When Ishmael's grandparents died, he thought of wishing to bring them back to life, and then maybe for the power to bring anyone back to life. But who really wants that power? Where would you stop? Who would you let die? As the world becomes more and more crowded with people and you rush around from funeral to funeral accepting the heartfelt thanks of mourners. That's no way to do anyone any good.

Similarly when his parents died, when his first wife left him because he'd been spending too much time researching his peculiar obsession (she once thought it was cute), when war broke out, when his daughter came home with her first broken heart, when he broke his leg in a fall and had to be carried over bumpy roads in great pain to a medical station, when he looked in the mirror one day and said "I am an old man," when he finally faced up to the fact that his hearing was almost totally shot.
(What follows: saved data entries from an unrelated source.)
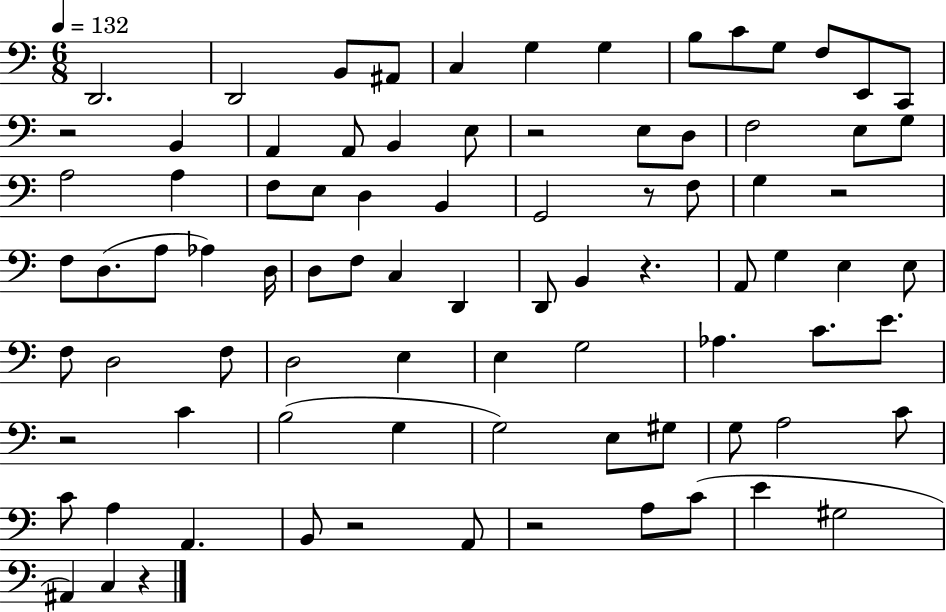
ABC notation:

X:1
T:Untitled
M:6/8
L:1/4
K:C
D,,2 D,,2 B,,/2 ^A,,/2 C, G, G, B,/2 C/2 G,/2 F,/2 E,,/2 C,,/2 z2 B,, A,, A,,/2 B,, E,/2 z2 E,/2 D,/2 F,2 E,/2 G,/2 A,2 A, F,/2 E,/2 D, B,, G,,2 z/2 F,/2 G, z2 F,/2 D,/2 A,/2 _A, D,/4 D,/2 F,/2 C, D,, D,,/2 B,, z A,,/2 G, E, E,/2 F,/2 D,2 F,/2 D,2 E, E, G,2 _A, C/2 E/2 z2 C B,2 G, G,2 E,/2 ^G,/2 G,/2 A,2 C/2 C/2 A, A,, B,,/2 z2 A,,/2 z2 A,/2 C/2 E ^G,2 ^A,, C, z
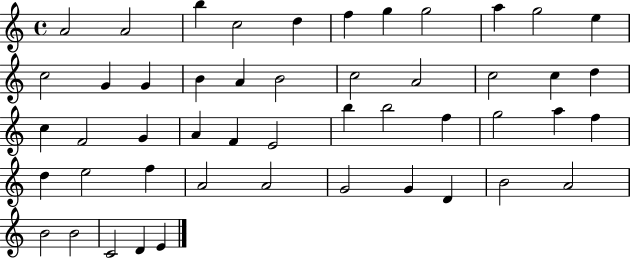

Each time, and some other times besides, he thought of using his wish but decided against it.

Finally, in the hospital, feeling his life was almost at an end and no closer to a solution than ever, his daughter due to visit in a few hours, his last dose of pain medicine fading and at least an hour before the next dose, Ishmael said the magic words that he never did forget: "Ventura Ventura Space People." He said "Space People" with an Italish accent -- "Space-a Peapl" -- just like they did in the anime.

The beautiful six-armed princess appeared, having not aged a single year in all this time, but this time with her armpits shaved, and asked "have you decided on a wish?"

Ishmael thought it over one last time. He considered wishing that his worst enemy should be granted one wish. That would be what the Jewish writer with the funny name would do, damn him. He suddenly thought that maybe he should wish that the Jewish writer with the funny name should be granted one wish, but he was dead, and it probably wasn't worth the trouble. "I just want a modest wish. Could I have some of my health back and a few more years of life?"

"Is that your wish?"

"Yes."

"Say the magic words."

"Oh, hell. `Ventura Ventura Space People I wish for health and a few more years of life.'"

"Your wish has been granted. Thanks again about the shower."

"No problem."

Ishmael went on to be very good at canasta until he was hit by a car at the age of 91. His articles and books and slight eccentricities (and the fact that his daughter was a musician of reknown in some circles) warranted an obituary in the Los Angeles Times, without a picture, but still several column inches. Still, his funeral was modest, with his family and some old friends, and his canasta buddies showing up for a short service before his ashes were scattered at a small lake in his old home town.